Brad DeLong and I were sitting East-West, with Warren Mosler and Thomas E. Nugent sitting North-South. Somehow, we got to two ad hominems, doubled and redoubled. Let’s review the bidding.

Mosler and Nugent opened with

Understanding that government deficits add to savings and that U.S. consumers fund the desires of foreigners to save is a good way to start seeing through the media’s economic mythology.

DeLong overcalled with

Borrowing doesn’t “fund” anything. Borrowers do not have funds to commit–that’s why they are borrowers. It is the lender who “funds” the borrower.

Nugent and Mosler rebid, using quotes from banking texts. Steve Antler, who was kibitzing, wrote,

Everything Nugent and Mosler say is easily confirmed in standard current textbooks dealing with monetary macroeconomics, money, banking, and trade.

By this point, I had entered the auction. As an aside, I said to the kibitzer,

They quote the textbooks accurately on banking, but that does not say that banking applies to what they were talking about. They might as well quote the Pythagorean theorem, which is true, but also not relevant.

So, that’s the bidding. Now, time to play the hand. As I see it, the topic at hand calls not for bank accounting but for national income accounting expressed in terms of savings–sometimes called the flow of funds version of the accounting identities. For a closed economy (with no foreign sector), we have:
S – I = G – T
where S is private savings, I is private investment, G, is government spending ant T is taxes. The left hand side is net private savings, and the right hand side is the government budget deficit. As the government deficit goes up, net private savings necessarily increase. However, it is quite silly to say that the deficit is increasing savings, making it sound like, “Oh, boy, we’re increasing our savings.”

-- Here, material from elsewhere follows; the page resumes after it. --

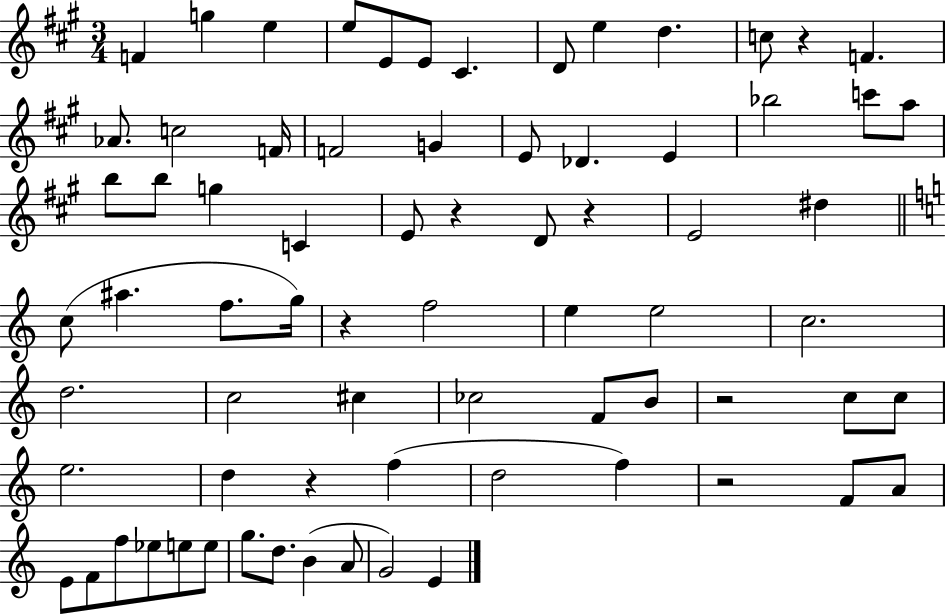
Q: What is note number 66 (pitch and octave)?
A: E4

We have to remember that this is net private savings, which means savings minus investment. One way for net private savings to go up is for investment to go down. That is what is called crowding out, and it is not a good thing. As the deficit crowds out private investment, the nation’s capital stock is reduced, which is bad for productivity and just about anything else that you would care about.

From the nation’s point of view, the whole point of savings is to increase the capital stock. Any savings that goes to fund the government budget deficit is wasted from that perspective. We should not be happy about that.

For the next trick (hanging onto the bridge game metaphor), let us look at an open economy, with a foreign sector.

S – I = G – T + X – M

where X is exports and M is imports. Here, what we see is that all else equal, when net private savings falls, the trade balance falls (we run a larger trade deficit). Conversely, foreigners save more. See The Balance of Saving.

Phrasing it as Nugent and Mosler do (“U.S. consumers fund the desires of foreigners to save”) fails to convey that our assets are going down while foreign-held assets are going up. It also fails to convey Ken Rogoff’s point, which is that our consumption is crowding out not only our own domestic investment but investment in less-developed countries as well.

For Discussion. A few years ago, Argentina was by Mosler-Nugent logic adding to savings (i.e., running a budget deficit) and funding the desires of foreigners to save (i.e., running a trade deficit). How did that turn out?